Ramstein / Ludwigshafen Drohnenflüge über Air Base und BASF – was bisher bekannt ist
„Größer als die üblichen kommerziellen Hobby-Drohnen“ – so beschreibt das rheinland-pfälzische Landeskriminalamt (LKA) jene Fluggeräte, die in den zurückliegenden Tagen unter anderem über der Air Base Ramstein (Kreis Kaiserslautern), dem Werk des Chemiekonzerns BASF in Ludwigshafen und andernorts in Deutschland über sensiblen Industrieanlagen – darunter das Rüstungsunternehmen Rheinmetall und ein Flüssiggasterminal – gesichtet wurden. Laut WDR und NDR sind bislang keine Verantwortlichen für die Drohnenflüge ermittelt worden.
Trotz des Einsatzes von Abwehrtechnik der Bundeswehr sei es nicht gelungen, eins der ferngesteuerten Fluggeräte zum Absturz zu bringen. Die Ermittler vermuten laut den ARD-Sendern, dass es sich bei einigen Drohnen, die in Brunsbüttel über Wochen immer wieder gesichtet worden sind, um militärische Aufklärungsdrohnen aus Russland handeln könnte. Diese könnten von russischen Schiffen in der Nord- oder Ostsee gestartet worden sein, die möglicherweise zu einer Spezialeinheit der russischen Marine für Spionage gehörten, hieß es.

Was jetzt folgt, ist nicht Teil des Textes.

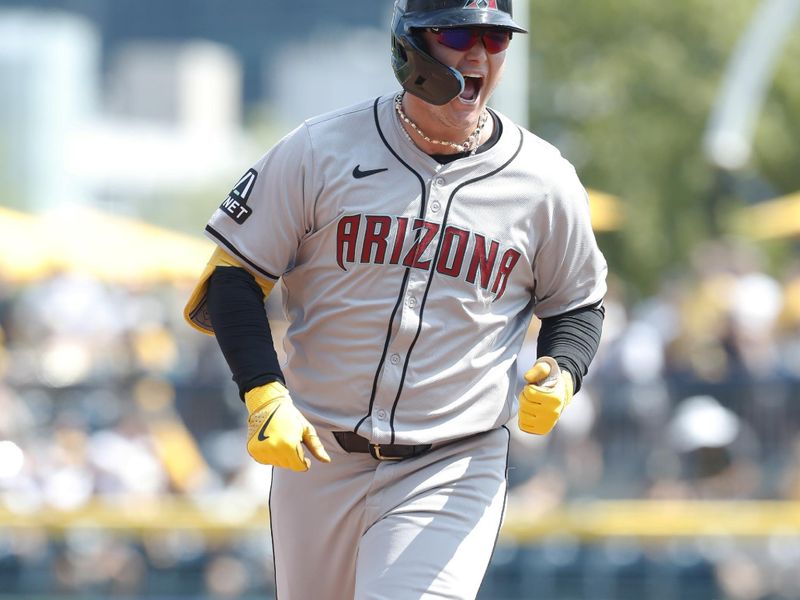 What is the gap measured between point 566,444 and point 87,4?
15.0 metres

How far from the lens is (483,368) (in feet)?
13.2

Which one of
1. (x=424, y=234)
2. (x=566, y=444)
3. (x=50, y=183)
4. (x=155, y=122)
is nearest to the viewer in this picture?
(x=424, y=234)

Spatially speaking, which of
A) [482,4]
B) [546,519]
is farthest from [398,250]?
[546,519]

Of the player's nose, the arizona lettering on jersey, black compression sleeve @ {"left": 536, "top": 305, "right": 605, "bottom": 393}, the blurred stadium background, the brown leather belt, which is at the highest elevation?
the player's nose

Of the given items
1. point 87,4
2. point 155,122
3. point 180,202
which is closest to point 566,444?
point 87,4

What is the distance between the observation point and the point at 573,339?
4.11m

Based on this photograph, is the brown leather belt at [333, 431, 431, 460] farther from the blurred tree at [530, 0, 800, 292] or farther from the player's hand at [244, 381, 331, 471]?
Answer: the blurred tree at [530, 0, 800, 292]

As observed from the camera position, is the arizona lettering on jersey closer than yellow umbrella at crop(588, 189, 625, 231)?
Yes

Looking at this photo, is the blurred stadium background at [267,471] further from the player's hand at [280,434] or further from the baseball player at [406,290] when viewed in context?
the player's hand at [280,434]

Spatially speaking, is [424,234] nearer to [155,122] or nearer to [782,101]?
[782,101]

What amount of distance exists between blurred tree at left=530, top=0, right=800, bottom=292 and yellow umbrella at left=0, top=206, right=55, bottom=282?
12169 mm

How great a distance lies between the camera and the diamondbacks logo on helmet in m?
→ 3.87

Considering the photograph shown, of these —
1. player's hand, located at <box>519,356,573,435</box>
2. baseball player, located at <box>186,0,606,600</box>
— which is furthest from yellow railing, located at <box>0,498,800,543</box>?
player's hand, located at <box>519,356,573,435</box>

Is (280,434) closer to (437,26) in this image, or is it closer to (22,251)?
(437,26) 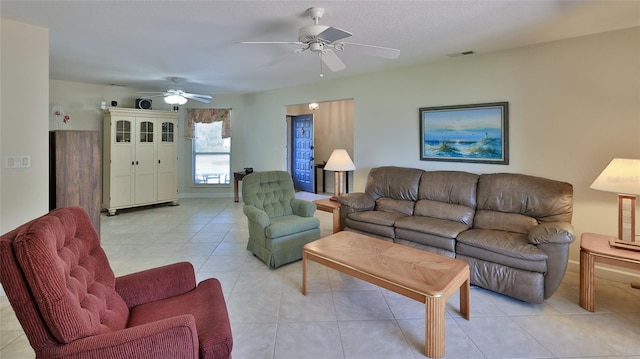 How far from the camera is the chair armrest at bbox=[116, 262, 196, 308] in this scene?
174cm

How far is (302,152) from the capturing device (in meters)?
8.27

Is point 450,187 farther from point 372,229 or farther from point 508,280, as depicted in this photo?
point 508,280

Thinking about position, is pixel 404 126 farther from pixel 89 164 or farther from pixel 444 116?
pixel 89 164

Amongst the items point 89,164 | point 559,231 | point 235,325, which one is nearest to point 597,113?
point 559,231

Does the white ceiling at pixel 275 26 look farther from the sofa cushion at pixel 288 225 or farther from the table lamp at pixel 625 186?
the sofa cushion at pixel 288 225

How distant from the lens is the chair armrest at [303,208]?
148 inches

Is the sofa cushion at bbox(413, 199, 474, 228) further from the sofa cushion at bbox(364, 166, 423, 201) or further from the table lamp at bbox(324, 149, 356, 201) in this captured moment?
the table lamp at bbox(324, 149, 356, 201)

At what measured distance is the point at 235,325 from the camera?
226cm

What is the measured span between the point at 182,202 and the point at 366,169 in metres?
4.21

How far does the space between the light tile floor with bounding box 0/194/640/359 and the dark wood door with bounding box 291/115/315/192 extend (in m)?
4.66

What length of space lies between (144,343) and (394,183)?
131 inches

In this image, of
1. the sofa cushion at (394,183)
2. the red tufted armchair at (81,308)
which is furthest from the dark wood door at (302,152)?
the red tufted armchair at (81,308)

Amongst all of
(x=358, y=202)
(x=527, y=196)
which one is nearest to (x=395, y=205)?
(x=358, y=202)

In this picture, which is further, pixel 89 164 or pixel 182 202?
pixel 182 202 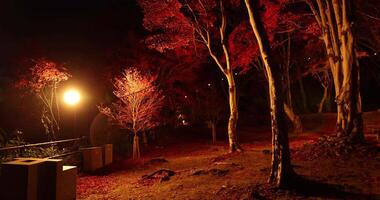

LKA: Keine konkrete Gefahr
Über dem Stützpunkt der US-Air Force im westpfälzischen Ramstein sollen Drohnen dem „Spiegel“ zufolge am 3. und 4. Dezember unterwegs gewesen sein. Das berichtet das Magazin unter Berufung auf einen vertraulichen Bericht deutscher Sicherheitsbehörden. Nach RHEINPFALZ-Informationen sollen die Flugaktivitäten auch in den Tagen danach weitergegangen sein. Diesen Angaben zufolge nehmen sowohl das US-Militär als auch deutsche Behörden die Vorgänge „sehr ernst“. Als direkte Bedrohung werde das Phänomen aber nicht eingeschätzt. Die offizielle Stellungnahme des LKA: „Nach derzeitiger Gefährdungseinschätzung (...) wird nicht von einer konkreten Gefahr für die betroffenen Einrichtungen ausgegangen.“
In Sicherheitskreisen gibt es nach Recherchen dieser Zeitung Verwunderung darüber, dass die Flüge über der Air Base „offensichtlich nicht in den Griff zu bekommen“ sind. Man sei davon ausgegangen, die Amerikaner verfügten über Mittel, solche Drohnen „vom Himmel zu holen“. Auch über dem Stützpunkt seien Flügeldrohnen, also größere Fluggeräte, gesichtet worden, hieß es.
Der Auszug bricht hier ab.